◆ Assigned task:
When you reach the line that contains "Sea Castle 8g 3 Bedroom Condo", set down that line and every one after it through the end of the records, exactly as written and with no pictures.

====

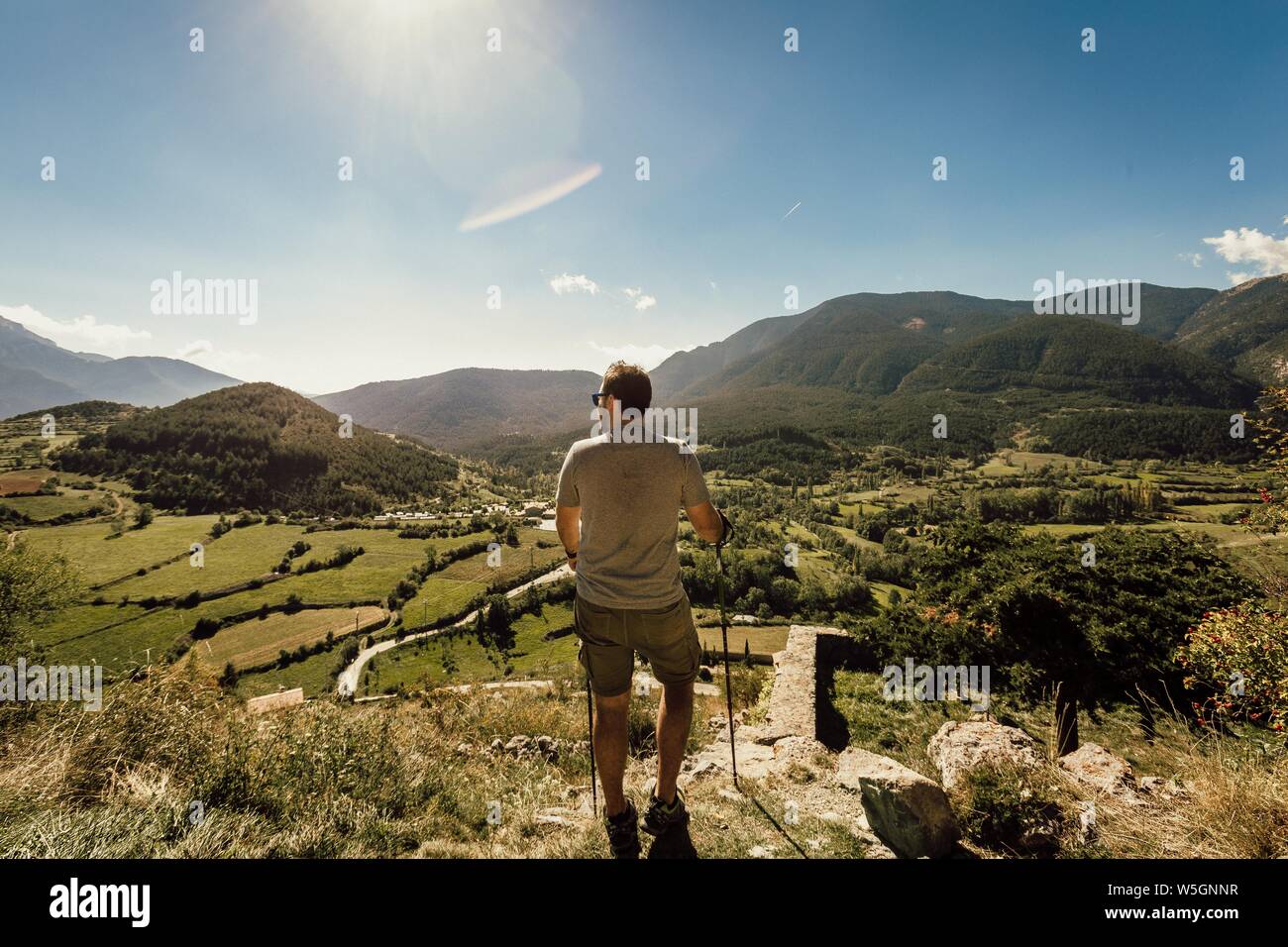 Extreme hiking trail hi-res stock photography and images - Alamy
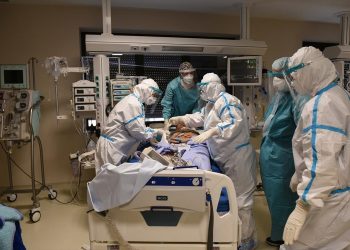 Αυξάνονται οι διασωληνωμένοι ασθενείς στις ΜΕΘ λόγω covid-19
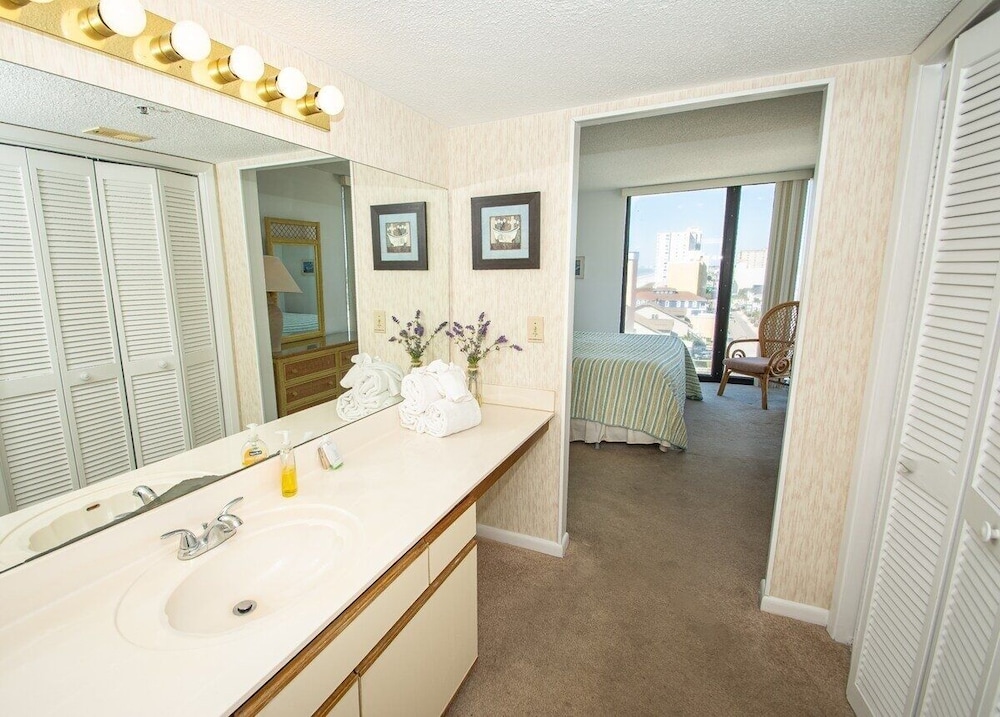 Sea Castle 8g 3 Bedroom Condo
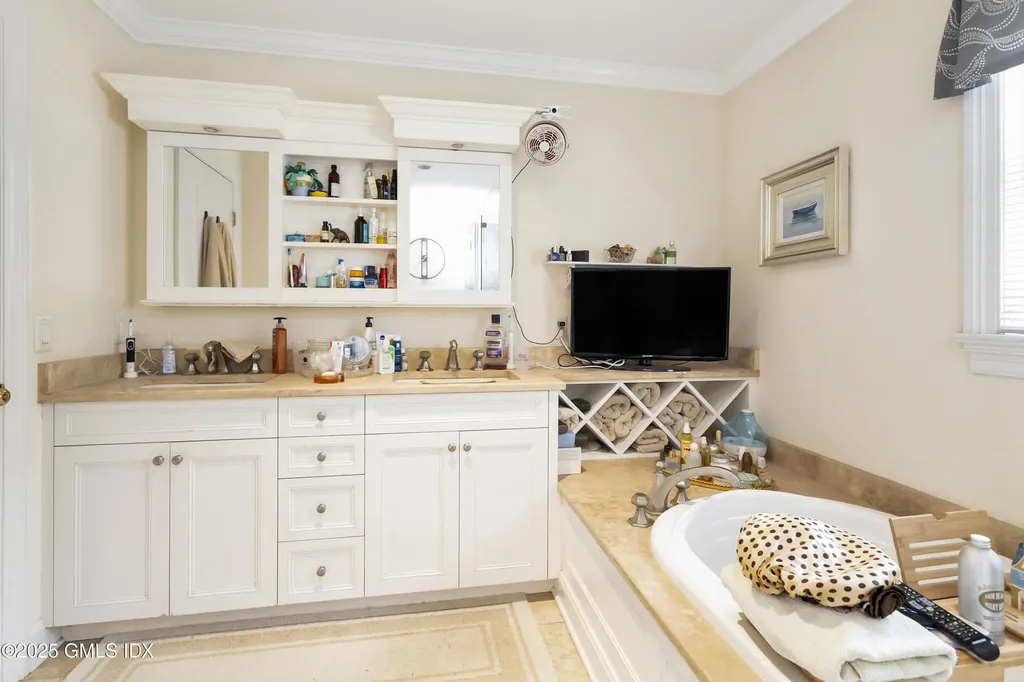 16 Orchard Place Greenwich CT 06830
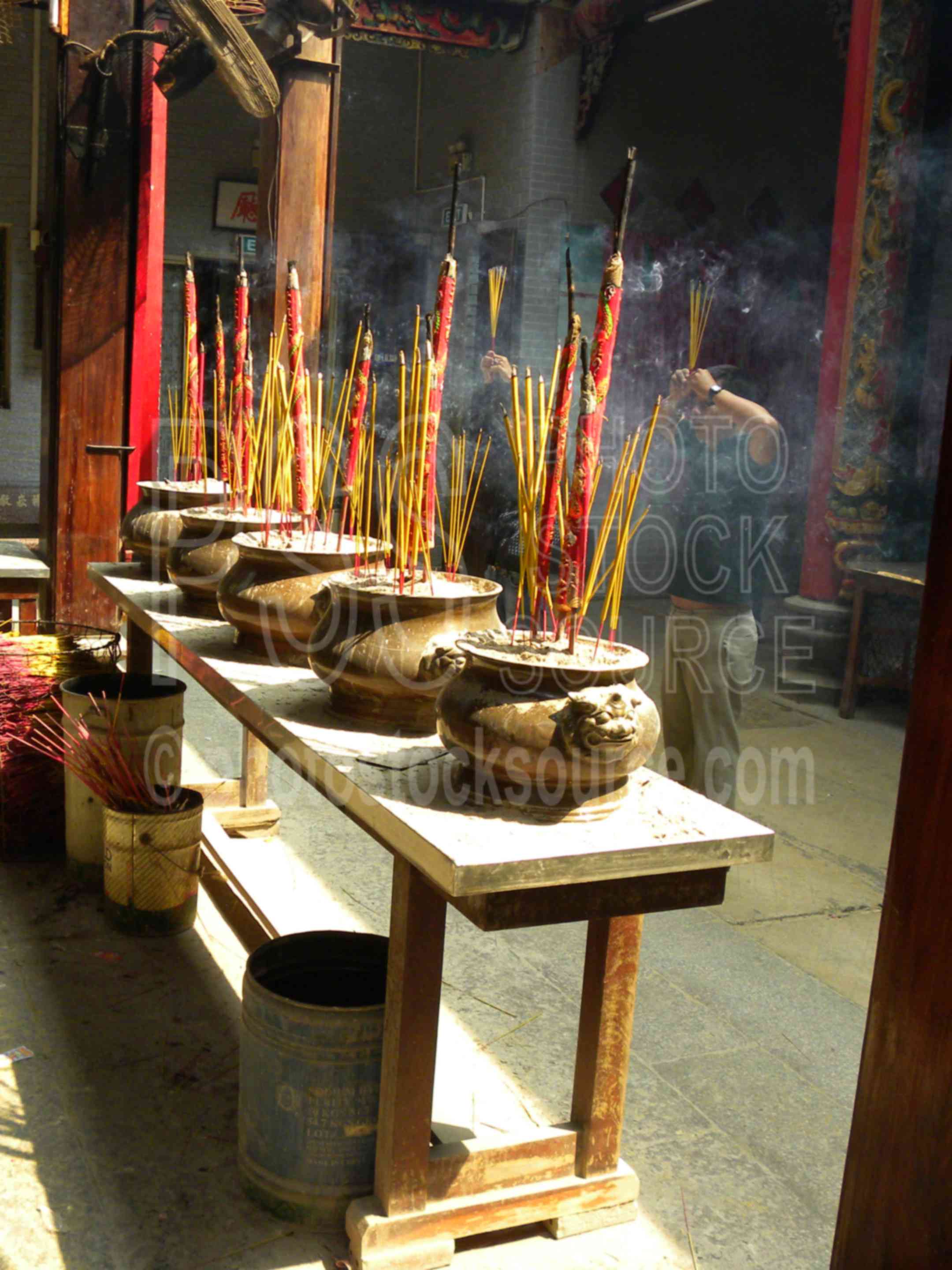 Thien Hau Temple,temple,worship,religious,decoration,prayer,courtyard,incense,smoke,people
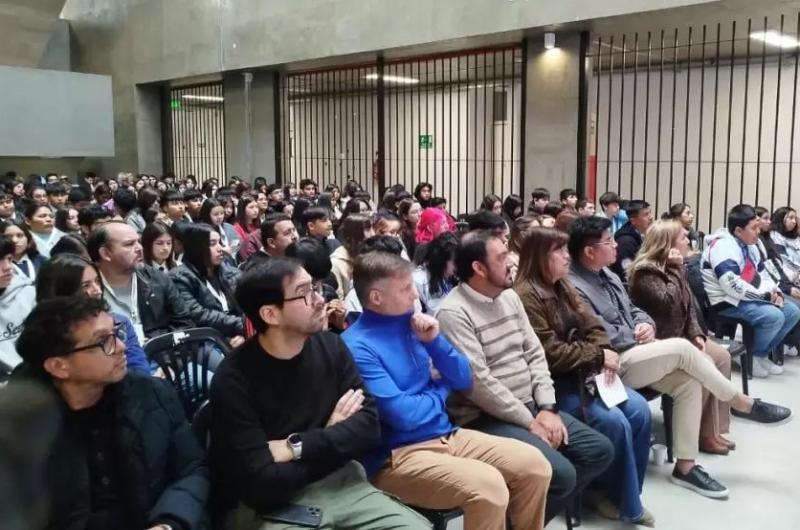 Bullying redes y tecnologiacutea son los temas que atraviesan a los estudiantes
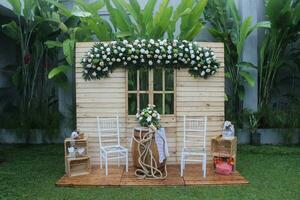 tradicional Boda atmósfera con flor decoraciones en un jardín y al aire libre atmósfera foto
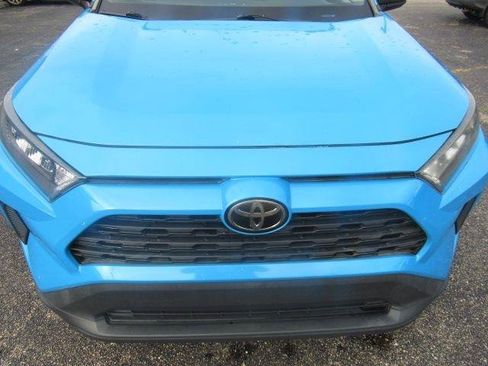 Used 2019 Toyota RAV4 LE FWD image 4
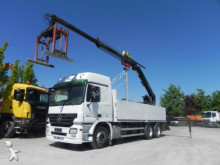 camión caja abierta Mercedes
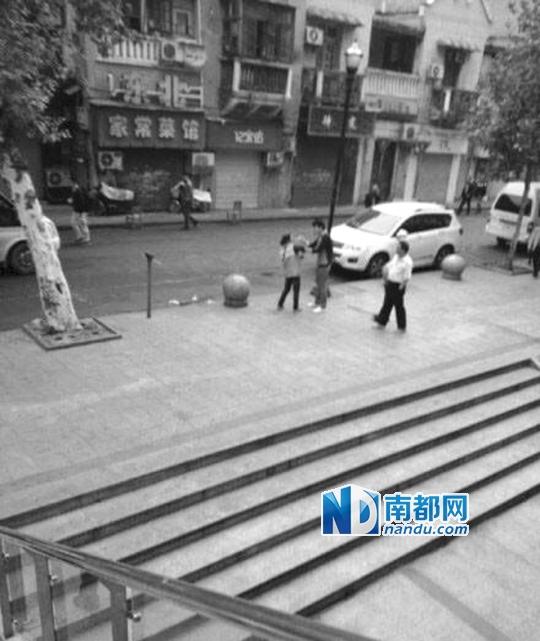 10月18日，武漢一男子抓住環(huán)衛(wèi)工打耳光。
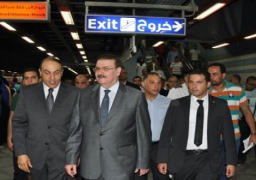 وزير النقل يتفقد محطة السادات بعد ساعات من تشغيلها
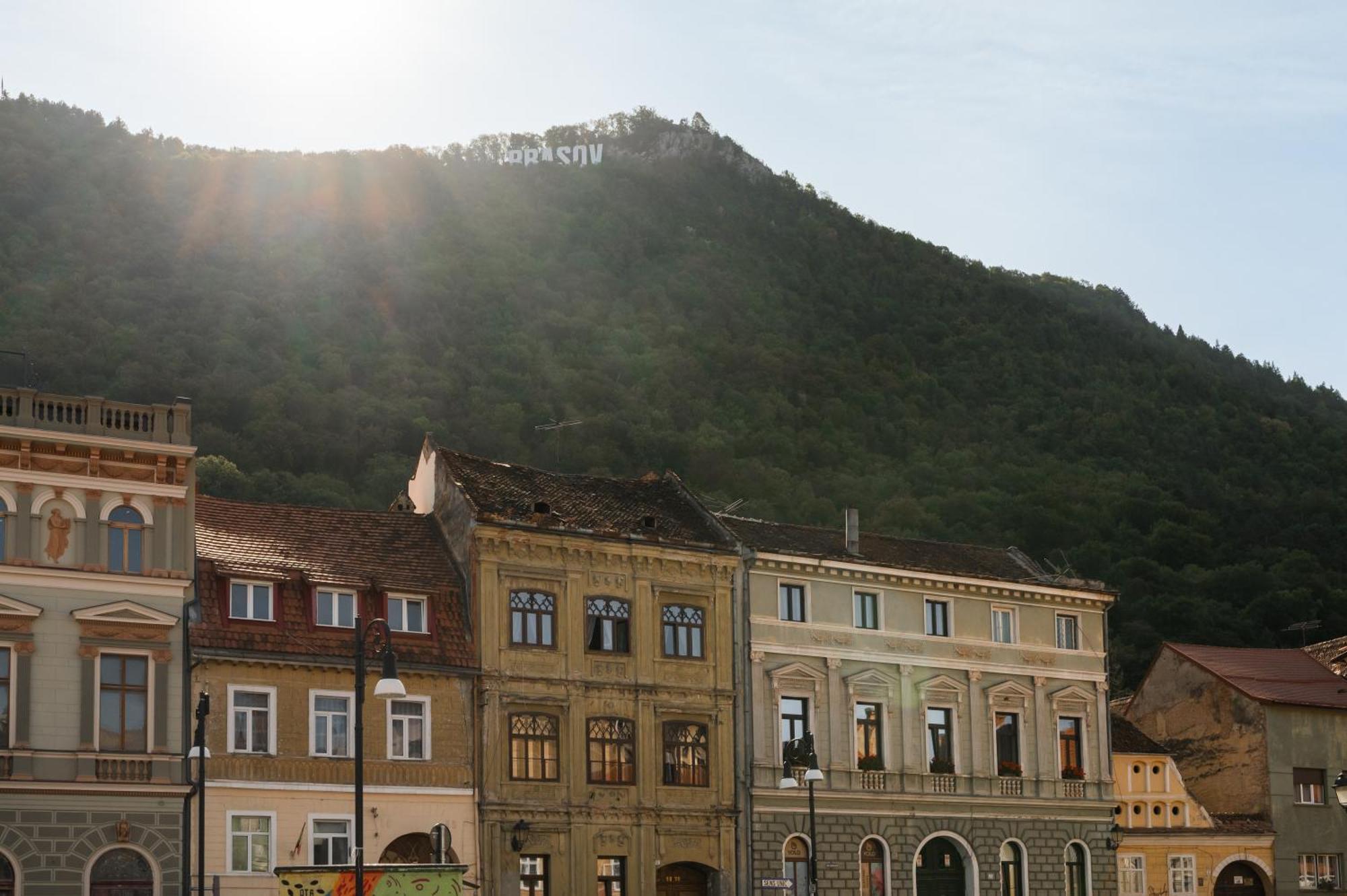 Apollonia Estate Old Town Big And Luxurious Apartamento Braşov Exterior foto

====

◆ Your response:
 Sea Castle 8g 3 Bedroom Condo
 16 Orchard Place Greenwich CT 06830
 Thien Hau Temple,temple,worship,religious,decoration,prayer,courtyard,incense,smoke,people
 Bullying redes y tecnologiacutea son los temas que atraviesan a los estudiantes
 tradicional Boda atmósfera con flor decoraciones en un jardín y al aire libre atmósfera foto
 Used 2019 Toyota RAV4 LE FWD image 4
 camión caja abierta Mercedes
 10月18日，武漢一男子抓住環(huán)衛(wèi)工打耳光。
 وزير النقل يتفقد محطة السادات بعد ساعات من تشغيلها
 Apollonia Estate Old Town Big And Luxurious Apartamento Braşov Exterior foto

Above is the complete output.